Yet Another Article on Hacking

metalgeek writes "CNN conducted two interviews about hacking. One with Emmanuel Goldstein is the editor-in-chief of 2600: The Hacker Quarterly. The other is Dr. Charles Palmer, one one the head security guys at IBM. fairly well written article over all."

Credentials

[deefer]

"hacking is the only field where the media believes anyone who says they're a hacker."
Finally. Would MTV please take note?

Still, given the industries recent propensity for requiring certification (CLP, MSCE etc), does this mean that there will be a H4X0rZ certificate? :)

And who will administrate it? Will there be one for NT, one for BeOS, and another for each implementation of *NIX? Must Red Hat start giving the Linux certificate?
Still, can't wait for the new business cards - John Smith, BSc (Hons), h4X0R d00d...

Exam paper for Linux h4X0r d00d accreditation: Pick ONE of the multichoice for each question:
Q1) Packet sniffing is:
a) Using an NIC on the network to examine other traffic not addressed to that NIC.
b) What your dog does to strangers' crotches
c) What the Postal service does to suspicious mail
Q2) A buffer overflow exploit is
a) A data storage area can be flooded with a bit stream, enabling hijacking of the IP register to execute custom code.
b) didn't malloc() properly.
c) Shoe shine boy cleaned your shoes twice & charged you ten times the going rate.
etc...
---------------
NT h4X0r d00d exam as provided by MS
Pick ONE of the multichoice for each question:
Q1) Describe the NT security model
a) Any breaches are hypothetical
b) Any breaches are hypothetical
c) CDC are liars
Q2) Describe B02K
a) A malicious hacking tool
b) A malicious hacking tool
c) CDC are liars
etc....
And there'd have to be a grade at the end of the exam:
0-45% ScriptKiddie. Go back to AOL, stop trying to pass B02K off as your own, and QUIT WANKING!
45%-60% Wannabe. Keep trying!
60%-80% h4X0r. Stay away from milnet, you still aren't covering your tracks.
80%-100% 31337 h4X0r d00d!!! |/\|3 ph33r U! P13323 d0n7 h4X0r u5!!!

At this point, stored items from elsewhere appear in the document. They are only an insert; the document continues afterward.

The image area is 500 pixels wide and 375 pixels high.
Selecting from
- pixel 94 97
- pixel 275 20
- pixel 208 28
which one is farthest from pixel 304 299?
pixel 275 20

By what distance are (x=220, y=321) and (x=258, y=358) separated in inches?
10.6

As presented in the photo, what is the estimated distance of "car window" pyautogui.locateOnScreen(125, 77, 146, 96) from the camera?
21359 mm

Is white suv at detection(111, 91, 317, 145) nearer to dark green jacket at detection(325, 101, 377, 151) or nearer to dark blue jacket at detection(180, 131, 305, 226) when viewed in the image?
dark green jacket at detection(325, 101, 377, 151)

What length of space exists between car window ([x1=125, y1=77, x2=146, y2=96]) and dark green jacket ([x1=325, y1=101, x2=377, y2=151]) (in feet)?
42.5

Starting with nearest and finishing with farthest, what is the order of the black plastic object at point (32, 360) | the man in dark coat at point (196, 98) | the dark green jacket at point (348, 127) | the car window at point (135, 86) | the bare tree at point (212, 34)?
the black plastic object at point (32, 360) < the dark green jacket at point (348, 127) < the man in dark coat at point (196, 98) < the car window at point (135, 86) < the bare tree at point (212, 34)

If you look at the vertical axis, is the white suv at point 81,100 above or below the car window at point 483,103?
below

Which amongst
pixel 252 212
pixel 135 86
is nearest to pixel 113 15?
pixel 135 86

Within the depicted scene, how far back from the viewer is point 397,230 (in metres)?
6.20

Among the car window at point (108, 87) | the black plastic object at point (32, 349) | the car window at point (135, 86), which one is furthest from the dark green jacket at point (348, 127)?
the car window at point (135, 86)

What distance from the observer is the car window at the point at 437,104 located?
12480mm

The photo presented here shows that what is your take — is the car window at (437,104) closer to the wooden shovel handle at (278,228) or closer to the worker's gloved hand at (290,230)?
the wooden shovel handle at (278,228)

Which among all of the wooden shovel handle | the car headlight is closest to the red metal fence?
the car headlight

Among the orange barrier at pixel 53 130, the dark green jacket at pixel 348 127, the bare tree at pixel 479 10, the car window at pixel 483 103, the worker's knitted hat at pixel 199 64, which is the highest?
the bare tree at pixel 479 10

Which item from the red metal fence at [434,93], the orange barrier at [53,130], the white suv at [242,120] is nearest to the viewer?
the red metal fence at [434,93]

Then and Now: Apples and Oranges

[Tackhead]

Once upon a time, "breaking into systems" was the only way you could have more power and connectivity than an 8-bit microcomputer and a 300-baud modem making local phone calls. Today, with Linux distros available for free (remember when paying SCO ~$1000 was the only way to run Linux on hardware that cost less than $10000?), and the 'net being just as cheap as phone service, everyone has root on their own machine. The days when learning about "the big iron running the a Real OS" required breaking into someone else's machine are over.

Today, hacking in the sense of "doing cool stuff with a real OS" (as opposed to, say, reverse-engineering assembly code as part of a copy-protection defeat) doesn't require breaching the security of third party systems. Rather, it's now about knowing how your own system works.

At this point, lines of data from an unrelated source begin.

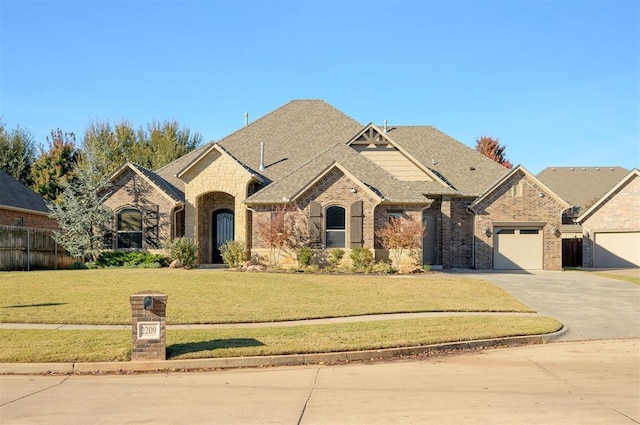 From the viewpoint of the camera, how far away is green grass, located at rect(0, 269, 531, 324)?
1577 centimetres

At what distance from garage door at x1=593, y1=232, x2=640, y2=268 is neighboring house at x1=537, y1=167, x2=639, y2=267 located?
1.62 feet

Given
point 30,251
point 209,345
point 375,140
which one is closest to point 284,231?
point 375,140

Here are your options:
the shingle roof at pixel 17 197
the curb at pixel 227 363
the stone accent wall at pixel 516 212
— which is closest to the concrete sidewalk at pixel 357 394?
the curb at pixel 227 363

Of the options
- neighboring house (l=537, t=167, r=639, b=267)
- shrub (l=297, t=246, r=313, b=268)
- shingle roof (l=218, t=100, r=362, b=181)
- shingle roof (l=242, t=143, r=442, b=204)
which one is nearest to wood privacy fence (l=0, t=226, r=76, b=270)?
shingle roof (l=242, t=143, r=442, b=204)

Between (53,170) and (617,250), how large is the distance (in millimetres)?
40567

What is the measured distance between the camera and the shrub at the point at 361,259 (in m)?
25.9

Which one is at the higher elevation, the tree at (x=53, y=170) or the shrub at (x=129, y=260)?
the tree at (x=53, y=170)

For anyone who hasn't yet read Stephen Levy's "Hackers", (I, like many, was inspired to re-read my dog-eared copy upon the recent /. review), go read it. IMNSHO, open source has become the canonical embodiment of the original TMRC-era philosophy: "Always yield to the hands-on imperative".

> But if you're mobbed by people who are looking for free phone calls, software or exploits,
> you're just an opportunist, possibly even a criminal. [ ... ] While it's certainly
> possible to use hacking ability to commit a crime, once you do this you cease
> being a hacker and commence being a criminal. It's really not a hard distinction to
> make.

Thank you, Mr. Goldstein, for making the distinction. Why the media has steadfastly refused to pick up on this for the past 10-12 years is both unfathomable and unforgivable.